The counting can grow more complicated for the middle order statistics, though the approach remains systematic.
In practice, how might these results be useful beyond simple dice games?
Though it is a seemingly trivial dice question, the idea of the minimum of multiple “samples” arises in many applied fields.
Detailed reasoning
In industrial quality control, if you take multiple measurements, the smallest reading might indicate a possible shortfall or defect threshold.

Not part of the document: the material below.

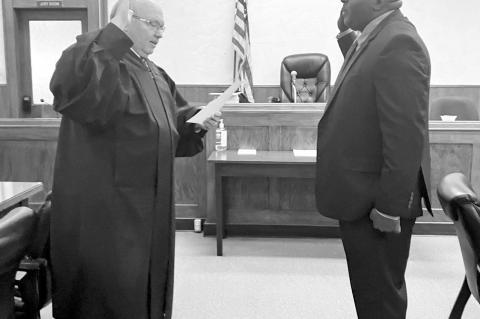 Louie Sworn in as Interim Seminole County Sheriff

In reliability engineering, if you test 6 components in parallel, the system fails when the first component fails (the “minimum time to failure” concept). The same formulas for the distribution of the minimum apply, though the “die faces” become continuous time-to-failure distributions.
In finance, if you consider 6 different instruments’ returns in a single period, the smallest return might be relevant for a worst-case scenario or risk measure.
Edge cases
If the domain of each measurement is finite or infinite, we have to adapt the formulas from the discrete to the continuous domain.
If the measures are not identically distributed, even though we might still treat them as independent, each sample might have a distinct distribution, complicating the minimum’s distribution (since not all draws come from the same probability law).